La sensibilité, d'Helen Maria Williams.

La sensibilité.

Recueil : Les poèmes sur divers sujets (1823)
Ô sensibilité ! qui des âmes chagrines
Fais le supplice et les douceurs,
Souffre qu'à ton autel j'ose attacher des fleurs
Dont mon cœur trop souvent a senti les épines.

Je ne demande point à jouir, sous ta loi,
D'un bonheur sans mélange ou de peine ou de crainte :
Tu verses tour-à-tour le nectar et l'absinthe ;
Je ne refuse rien de ce qui vient de toi.

Les bienfaits que du sort l'aveugle complaisance
Prodiguerait sans borne à des cœurs satisfaits,
Ne valent point ton trouble et ta douce espérance,
Ne valent pas le bien, pas le mal que tu fais.

De tes célestes dons l'amitié pénétrée
Guérit les blessures du cœur ;
Des jours d'inquiétude accourcit la durée,
De la nuit du chagrin éclaircit la noirceur.

À la compassion que tu prêtes de charmes
Dans les humides yeux que tu sus attendrir !
Eh ! qui sait mieux que toi ce que vaut une larme ?
Eh ! qui sait mieux que toi ce que coûte un soupir ?

Lorsque pour s'exprimer, l'amour, l'amitié tendre
Cherchent en vain des mots, tu viens à leur secours ;
Ton accent supplée au discours ;
Et cet accent si doux les cœurs savent l'entendre.

Toi seule aux vrais amans inspires leurs transports,
Des plus nobles plaisirs source à jamais féconde ;
La froide raison cède à tes tendres efforts ;
Et la fidélité sur toi seule se fonde.

Tu veux qu'entre amis, entre amants,
Ce ne soit à jamais qu'un même esprit qui pense ;
Tu tresses les fils de leurs ans ;
Et par toi, l'un chez l'autre, ils trouvent l'existence.

Comme on voit un fluide ou monter ou tomber,
Si le chaud ou le froid règnent dans l'atmosphère,
On te voit tressaillir d'une joie étrangère ;
À la douleur d'un autre on te voit succomber.

Pour que le malheureux souffre moins de ses peines,
Tu veux qu'un être ami les partage avec lui ;
Ainsi l'arbre qui cache un baume dans ses veines,
Est blessé pour guérir les blessures d'autrui.
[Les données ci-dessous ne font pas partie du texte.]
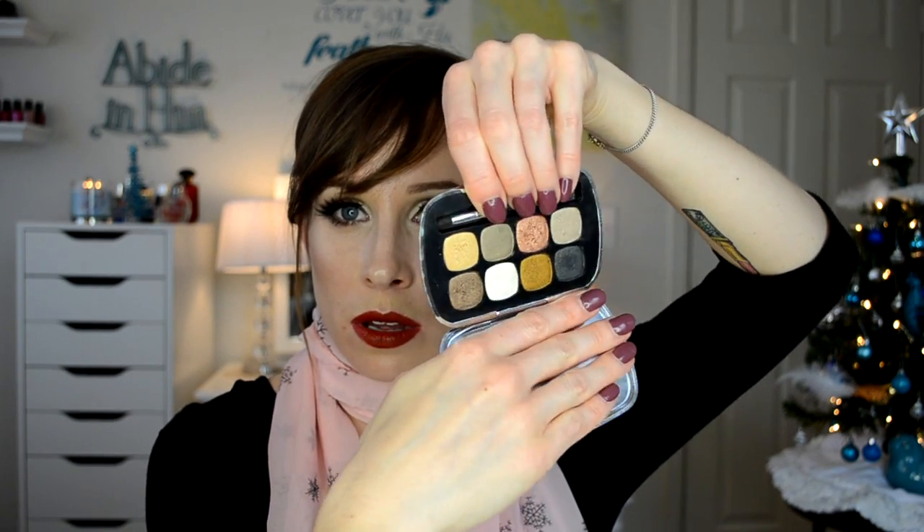This is the Bare Minerals Ready Eyeshadow 8.0 in Star Treatment. I've only used it maybe once, but I love the colors — aren't they fun for fall? They're really pretty. This is exactly why I created this basket: because I have good makeup, I just forget about it, or it gets buried and overlooked because I reach for my favorites. I need to rotate my makeup just like I rotate everything else.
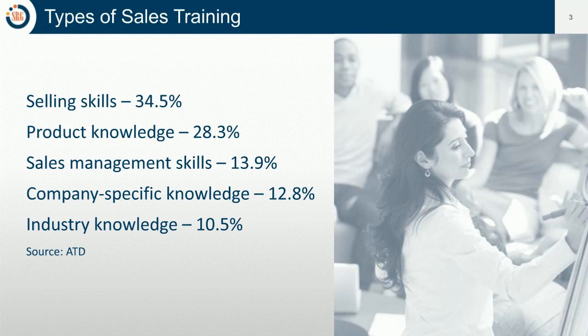When we think about sales training, it's a pretty broad term. According to ATD, it can include selling skills, product knowledge, sales management skills, company-specific knowledge, and industry knowledge. For purposes of this presentation, we're really focusing on selling skills and sales management skills, which together make up about 50% of corporate America's training budgets. We're focusing on the skills that salespeople need to be successful and the skills their managers need to successfully manage their teams.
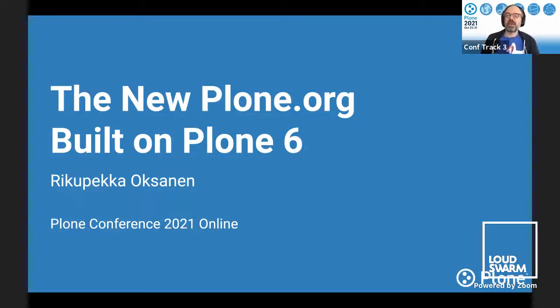Hello. We are now welcoming Riku Peta, who is a web developer and a team leader at the Jyväskylä University in Finland. Riku Peta is a long-time contributor in the Plone community and very dedicated to the community. Today we're going to talk about the new Plone.org, which has been built on Plone 6. So Riku Peta, it's all yours. Thank you, Eric.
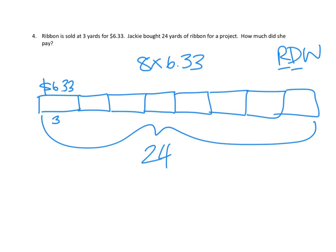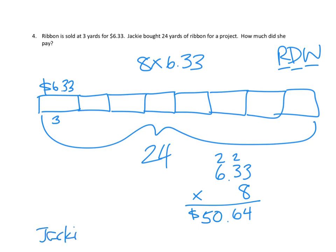Once we've got the drawing, we need to actually do the math using the standard algorithm: $6.33 times 8. 8 times 3 hundredths is 24 hundredths — 4 hundredths and carry 2 tenths. 8 times 3 tenths is 24 tenths, plus 2 more tenths is 26 tenths — 6 tenths, carry 2 ones. 8 times 6 ones is 48 ones, plus 2 more is 50 ones. So our written statement is: Jackie spent $50.64 on the ribbon.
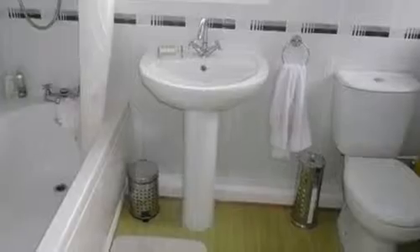Completing the property is the bathroom, which is equipped with a three-piece suite and attractive laminate wood flooring.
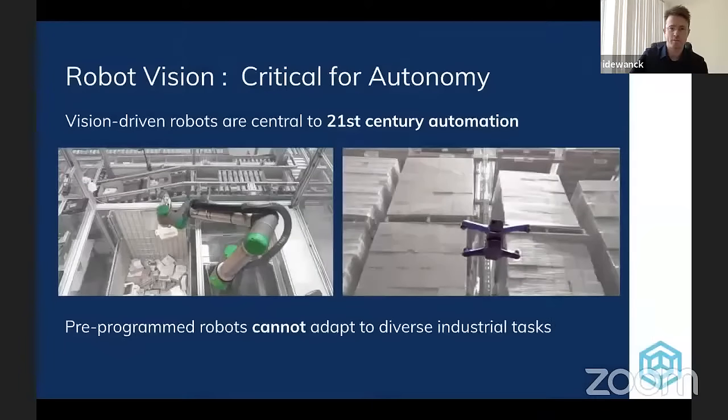The first thing is: why are we excited about robot vision in general? We view it as a critical capability for robots in the 21st century. There are a lot of very dynamic and very complicated tasks showing up in industry, and pre-programmed robots can't properly adapt and achieve success in those tasks. Some examples include arms sorting through e-commerce items, inspection robots in warehouse storage facilities, reasoning about inventory and complex packaging in these settings.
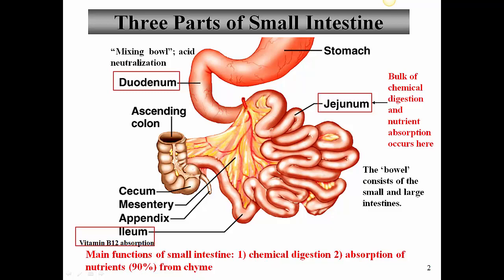The mesentery proper surrounds the entire small intestine — this is the fatty material with blood vessels, nerves, and lymphatics that you can see here. The small intestine and the large intestine together are normally referred to as the bowel.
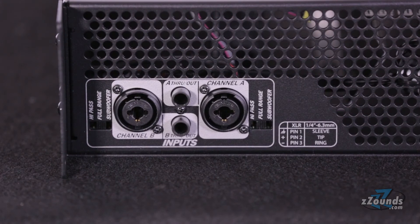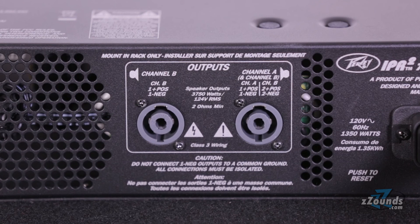On the back we have two XLR quarter-inch combo inputs, channel mode switches which offer different filtering presets for subwoofer use, two parallel quarter-inch through outputs, and two combo Speakon quarter-inch speaker outputs.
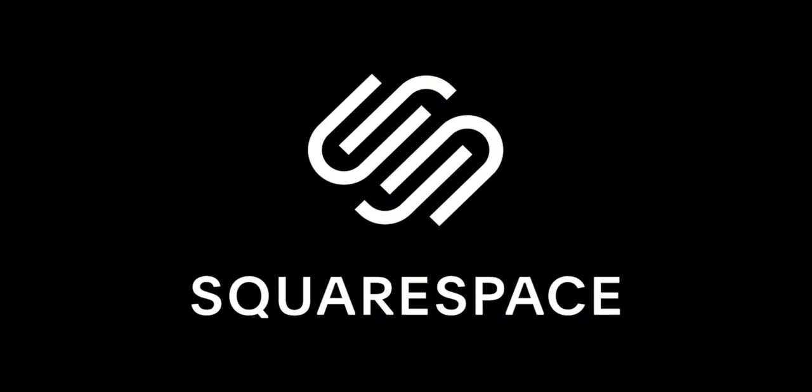This video is brought to you by Squarespace. Whether it's websites, online stores, marketing tools, and analytics, Squarespace is the all-in-one platform to build a beautiful online presence for your brand or business.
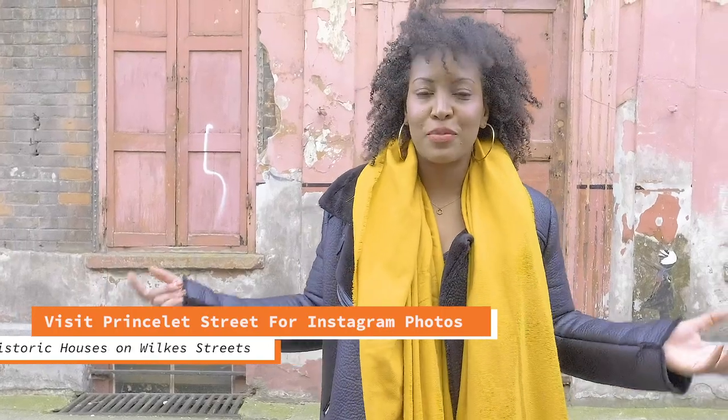If you're looking for Instagram spots in Shoreditch, look no further than Princelet Street. I'm sure you recognize the pink house behind me — it's the one you'll see on every London Instagrammer's feed. This is where you'll find it: Princelet Street.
Sous tes lois cependant l'aveugle destinée
Condamne à des tourments qu'ailleurs on ne sent pas ;
Et la pointe des maux par toi plus raffinée,
Pénètre plus avant dans les cœurs délicats.

Les vulgaires esprits qui te nomment faiblesse
Sont des ennemis que tu crains ;
Et l'égoïste qui te blesse
S'étonne encor si tu te plains !

Quels maux tu dois souffrir quand celle à qui tout cède,
La mort, brise des nœuds que tu crus assurer !
Mais ces maux te sont chers, tu craindrais le remède,
Et tu rougirais d'espérer.

Toi-même alors gémis de cette loi si dure,
Qui, tôt ou tard, oblige à verser tant de pleurs ;
Qui vend si chèrement tes bienfaits à nos cœurs.